Filter the records down to the lines that hold the word "first", and copy each of those lines.

(Source data)
+===+

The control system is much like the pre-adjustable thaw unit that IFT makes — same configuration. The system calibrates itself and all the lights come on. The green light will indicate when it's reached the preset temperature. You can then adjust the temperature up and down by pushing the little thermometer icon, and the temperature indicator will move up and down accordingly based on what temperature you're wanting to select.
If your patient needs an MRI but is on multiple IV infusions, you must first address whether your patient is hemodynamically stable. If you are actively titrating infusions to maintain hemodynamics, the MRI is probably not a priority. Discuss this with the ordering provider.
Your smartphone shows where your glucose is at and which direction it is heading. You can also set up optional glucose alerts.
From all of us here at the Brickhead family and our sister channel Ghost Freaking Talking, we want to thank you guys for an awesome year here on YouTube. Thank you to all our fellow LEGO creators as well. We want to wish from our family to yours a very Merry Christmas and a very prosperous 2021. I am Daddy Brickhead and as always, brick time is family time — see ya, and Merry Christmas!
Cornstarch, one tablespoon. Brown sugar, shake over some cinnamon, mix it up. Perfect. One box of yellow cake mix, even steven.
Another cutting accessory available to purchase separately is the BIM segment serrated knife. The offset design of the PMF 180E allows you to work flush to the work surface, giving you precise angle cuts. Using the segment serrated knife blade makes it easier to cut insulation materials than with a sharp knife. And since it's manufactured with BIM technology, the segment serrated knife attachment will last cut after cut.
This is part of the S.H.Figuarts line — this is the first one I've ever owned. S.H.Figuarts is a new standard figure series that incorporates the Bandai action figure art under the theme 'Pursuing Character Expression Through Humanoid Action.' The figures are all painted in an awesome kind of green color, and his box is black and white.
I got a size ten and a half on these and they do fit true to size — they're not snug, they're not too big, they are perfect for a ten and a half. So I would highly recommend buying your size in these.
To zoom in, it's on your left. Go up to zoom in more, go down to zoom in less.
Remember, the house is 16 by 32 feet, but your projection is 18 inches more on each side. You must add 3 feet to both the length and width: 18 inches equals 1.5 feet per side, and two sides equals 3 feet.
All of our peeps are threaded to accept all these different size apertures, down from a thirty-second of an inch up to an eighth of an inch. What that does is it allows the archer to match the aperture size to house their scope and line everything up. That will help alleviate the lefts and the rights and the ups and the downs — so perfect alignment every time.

+===+

Answer to this exercise
If your patient needs an MRI but is on multiple IV infusions, you must first address whether your patient is hemodynamically stable. If you are actively titrating infusions to maintain hemodynamics, the MRI is probably not a priority. Discuss this with the ordering provider.
This is part of the S.H.Figuarts line — this is the first one I've ever owned. S.H.Figuarts is a new standard figure series that incorporates the Bandai action figure art under the theme 'Pursuing Character Expression Through Humanoid Action.' The figures are all painted in an awesome kind of green color, and his box is black and white.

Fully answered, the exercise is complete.